Here, $\bar{f}(k)$ is known as the Fourier transform of the function $f(x)$. We can use Fourier's theorem to find the $k$-space function $\bar{\psi}(k)$ that generates any given $x$-space wavefunction $\psi(x)$ at a given time.

Figure 4.2: A one-dimensional Gaussian probability distribution.

For instance, suppose that at $t=0$ the wavefunction of our particle takes the form

$$\psi(x,0) =\frac{1}{[2\pi\,({\mit\Delta} x)^2]^{1/4}}\, \exp\left[{\rm i}\,k_0\,x - \frac{(x-x_0)^{\,2}}{4\,({\mit\Delta}x)^{\,2}}\right].$$ (4.40)

Thus, the initial probability distribution for the particle's $x$-coordinate is

$$\vert\psi(x,0)\vert^{2} =\frac{1}{[2\pi\,({\mit\Delta} x)^2]^{1/2}}\, \exp\left[- \frac{(x-x_0)^{2}}{2\,({\mit\Delta}x)^{2}}\right].$$ (4.41)

This particular distribution is called a Gaussian distribution (see Section 5.1.7), and is plotted in Figure 4.2. It can be seen that a measurement of the particle's position is most likely to yield the value $x_0$, and very unlikely to yield a value which differs from $x_0$ by more than $3\,{\mit\Delta} x$. Thus, Equation (4.40) is the wavefunction of a particle that is initially localized in some region of $x$-space, centered on $x=x_0$, whose width is of order ${\mit\Delta} x$. This type of wavefunction is known as a wave packet.

It is easily demonstrated that the wavefunction (4.40) is properly normalized.

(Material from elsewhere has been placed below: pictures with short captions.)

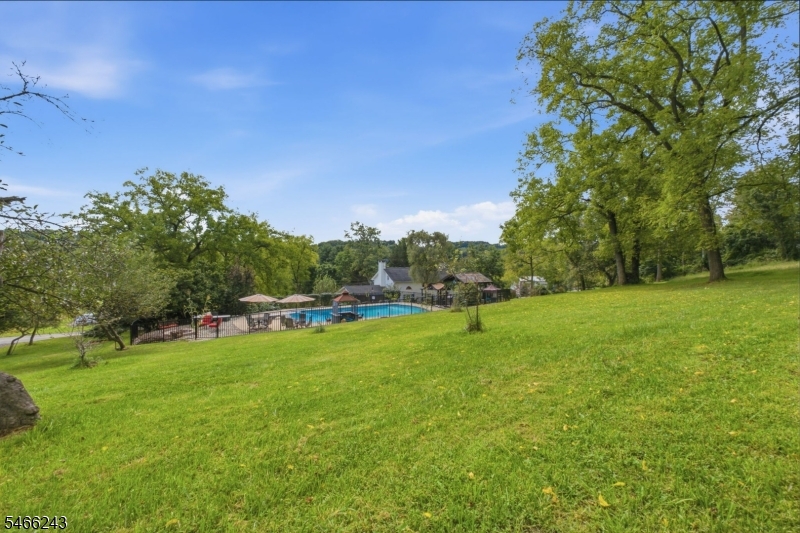 18 West Valley Brook Road Washington NJ 07853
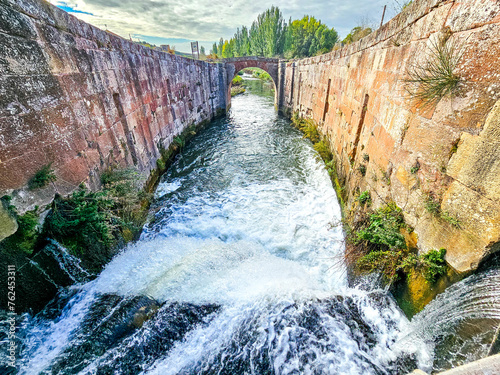 Lock number 1 of the Canal de Castilla, Palencia province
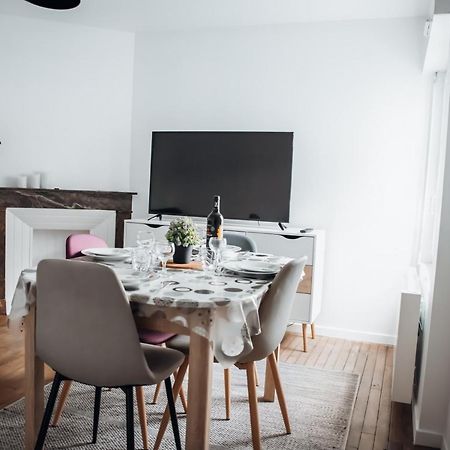 Appartement Neuf, Moderne Et Confortable! Ernee Ngoại thất bức ảnh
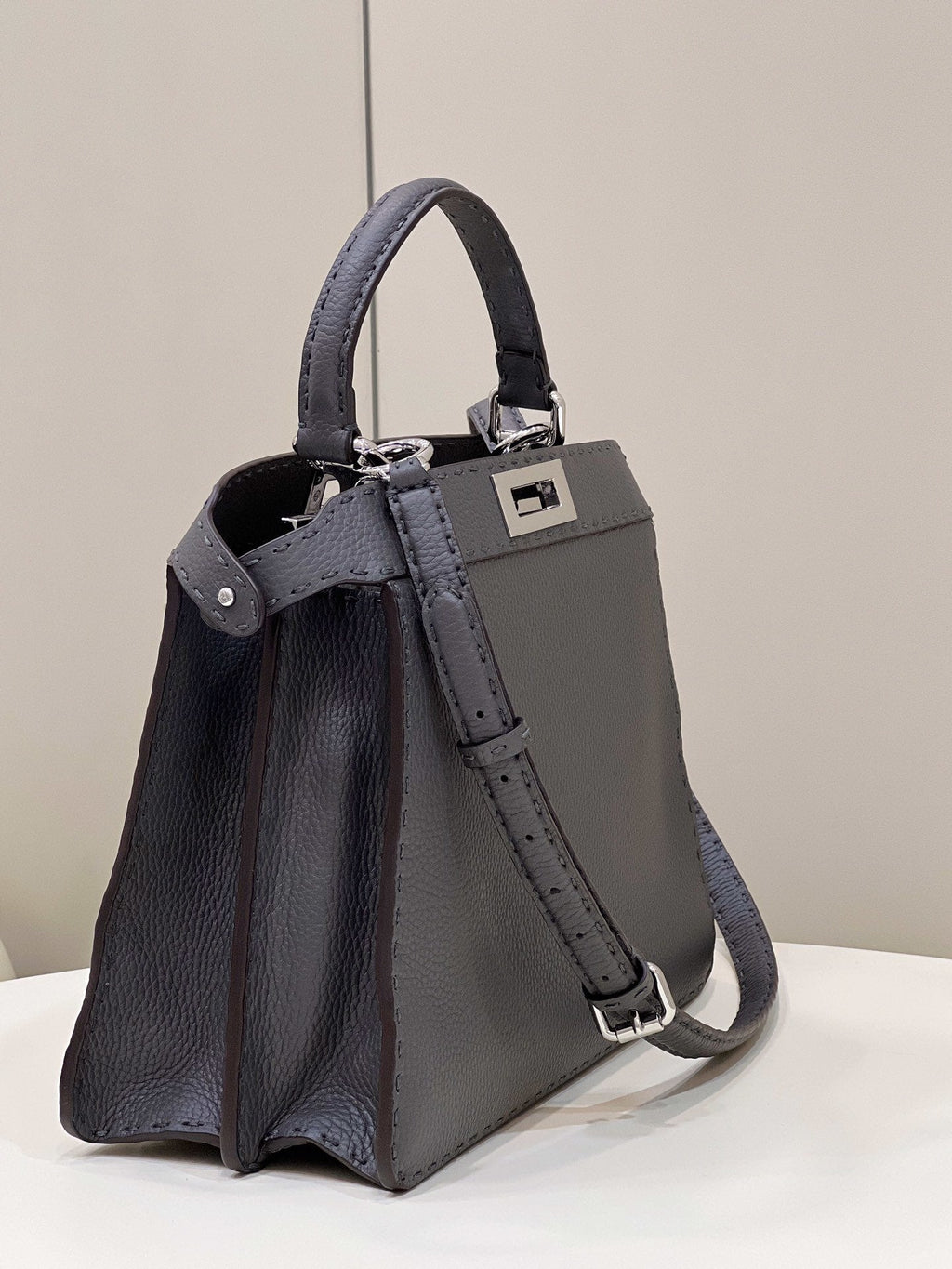 FI GlamI ISeeU MeGLAMIum Black For Women, Handbags, Shoulder Bag 13.1in/33.5cm FF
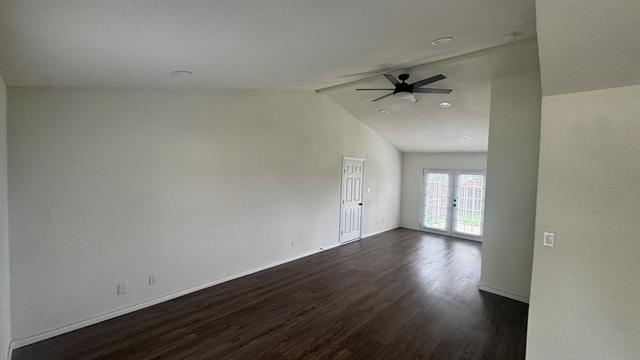 Building Photo - 500 Scarlet Oak St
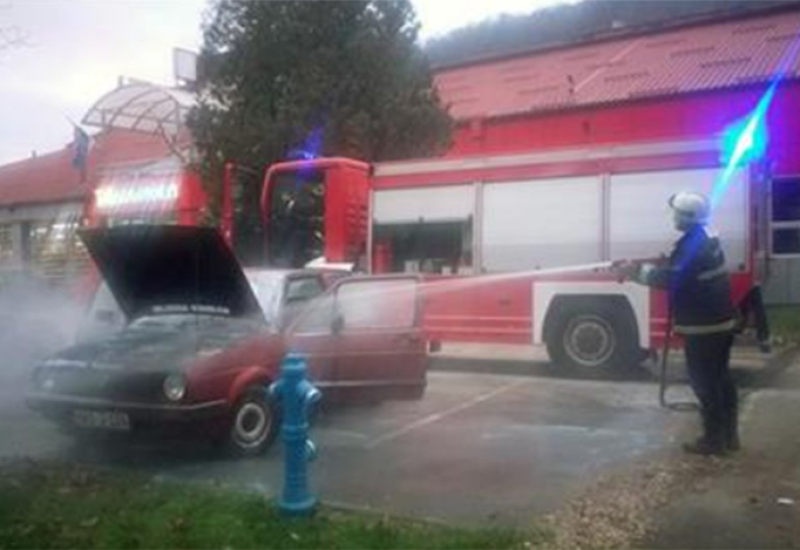 Golf dva gorio na parkingu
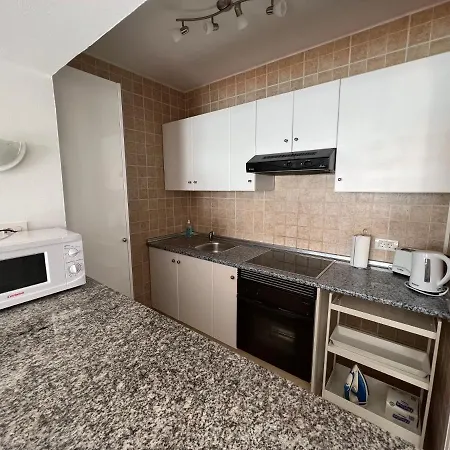 Apartment Oasis Blue - Beautiful 1 Bedroom On Private Complex With Pool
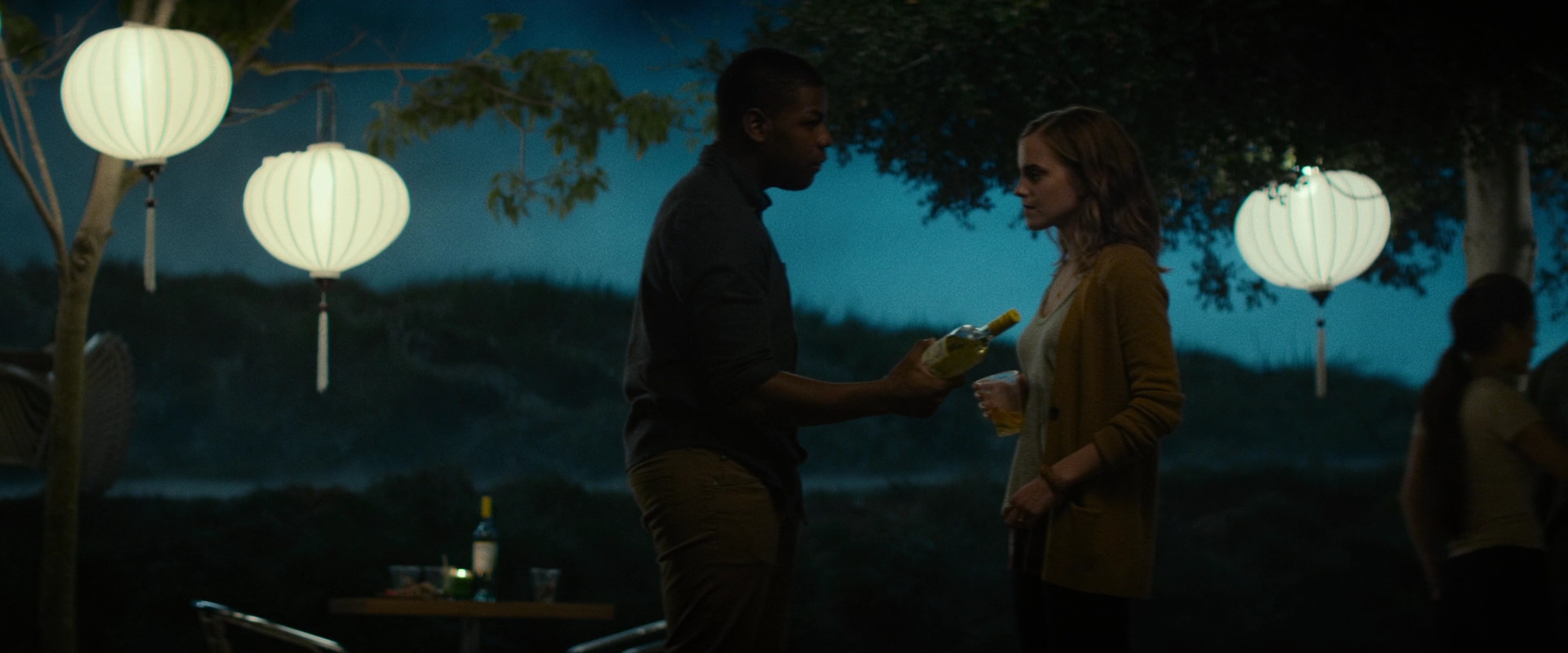 EmmaWatsonFan-dot-nl_TheCircle1307.jpg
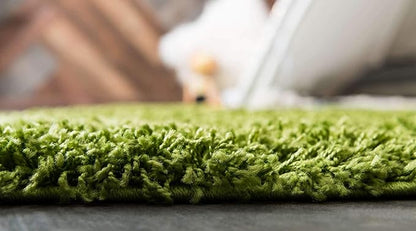 Unique Loom Solid Shag Collection Area Rug (7' 1" x 10' Rectangle, Grass Green)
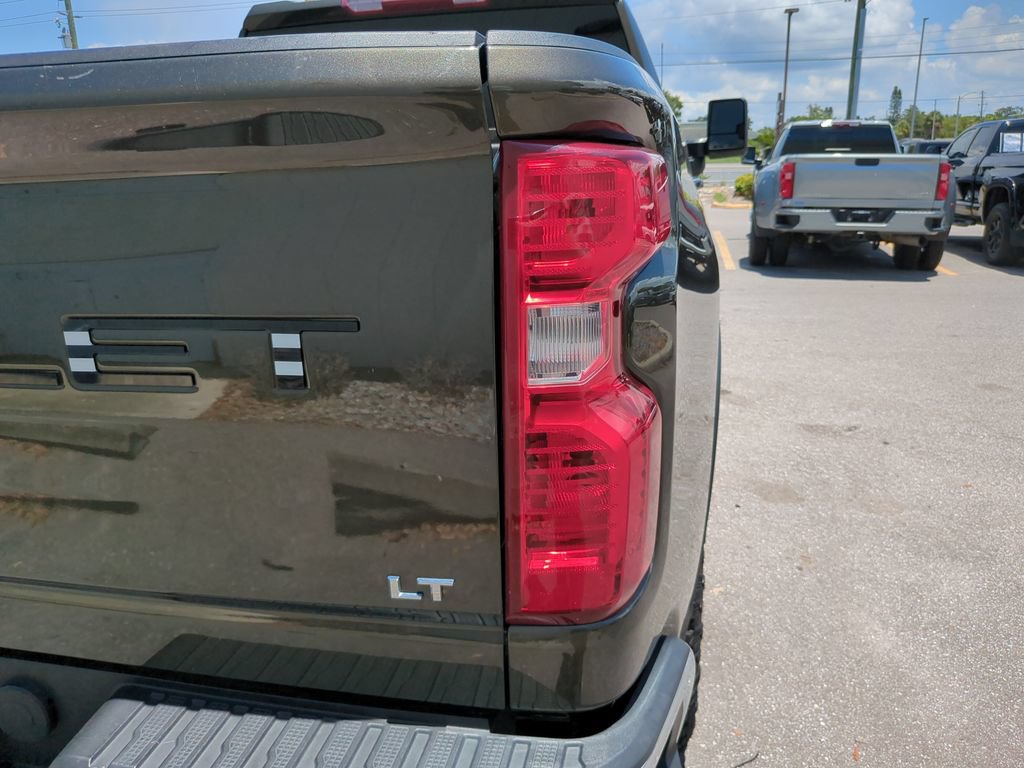 Used 2023 Chevrolet Silverado 2500 LT AWD/4WD image 13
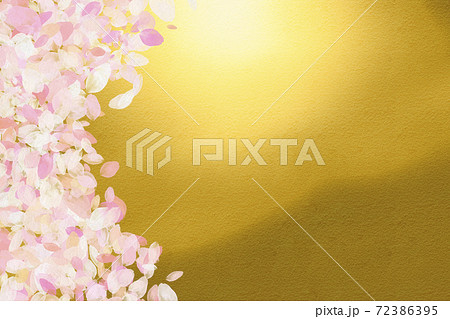 金和紙に桜柄の背景画像  72386395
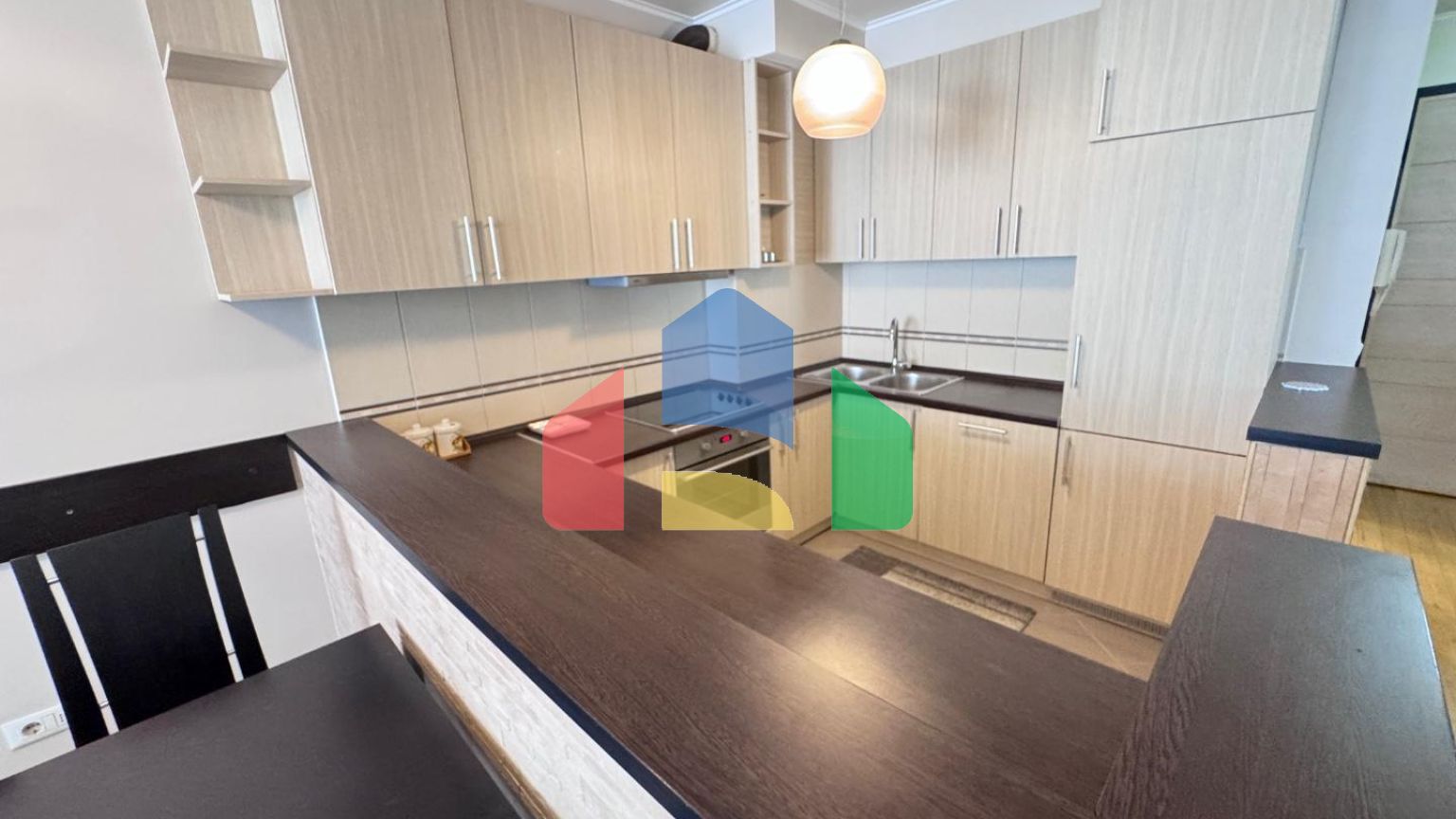 Просторная квартира с 2 спальнями в Будве, район Розино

In fact,

$$\int_{-\infty}^{\infty} \vert\psi(x,0)\vert^{2}\,dx = \frac{1}{[2\pi\,({\mit\Delta} x)^2]^{1/2}}\int_{-\infty}^{\infty}\exp\left[- \frac{(x-x_0)^{2}}{2\,({\mit\Delta}x)^{2}}\right]\,dx$$

$$= \frac{2^{1/2}\,({\mit\Delta}x)}{[2\pi\,({\mit\Delta} x)^2]^{1/2... ... e}^{-y^2}\,dy= \frac{1}{\sqrt{\pi}}\int_{-\infty}^\infty {\rm e}^{-y^2}\,dy=1.$$ (4.42)

Here, $y=(x-x_0)/(2^{1/2}{\mit\Delta x})$, and use has been made of the standard result

$$\int_{-\infty}^\infty {\rm e}^{-y^2}\,dy =\pi^{1/2}.$$ (4.43)

According to Equation (4.37),

$$\psi(x,0) = \frac{1}{\sqrt{2\pi}}\int_{-\infty}^{\infty} \bar{\psi}(k)\,{\rm e}^{\,{\rm i}\,k\,x}\,dk.$$ (4.44)

Hence, we can employ Fourier's theorem to invert this expression to give

$$\bar{\psi}(k)=\frac{1}{\sqrt{2\pi}} \int_{-\infty}^{\infty} \psi(x,0)\,{\rm e}^{-{\rm i}\,k\,x}\,dx.$$ (4.45)

Making use of Equation (4.40), we obtain

$$\bar{\psi}(k) = \frac{1}{(2\pi)^{3/4}\,({\mit\Delta} x)^{1/2}} \int_{-\infty}^\... ...xp\left[-{\rm i}\,(k-k_0)\,x - \frac{(x-x_0)^2}{4\,({\mit\Delta} x)^2}\right]dx$$

$$= \frac{1}{(2\pi)^{3/4}\,({\mit\Delta} x)^{1/2}}\,\exp\left[-{\rm... ...x-x_0}{2\,{\mit\Delta} x} + {\rm i}\,{\mit\Delta} x\,(k-k_0)\right]^2\right\}dx$$

$$= \frac{2\,{\mit\Delta x}}{(2\pi)^{3/4}\,({\mit\Delta} x)^{1/2}}\... ...k_0)^2}{4\,({\mit\Delta k})^2}\right]\int_{-\infty}^{\infty} {\rm e}^{-y^2}\,dy$$

$$= \frac{1}{[2\pi\,({\mit\Delta} k)^2]^{1/4}}\,\exp\left[-{\rm i}\,(k-k_0)\,x_0-\frac{(k-k_0)^2}{4\,({\mit\Delta k})^2}\right],$$ (4.46)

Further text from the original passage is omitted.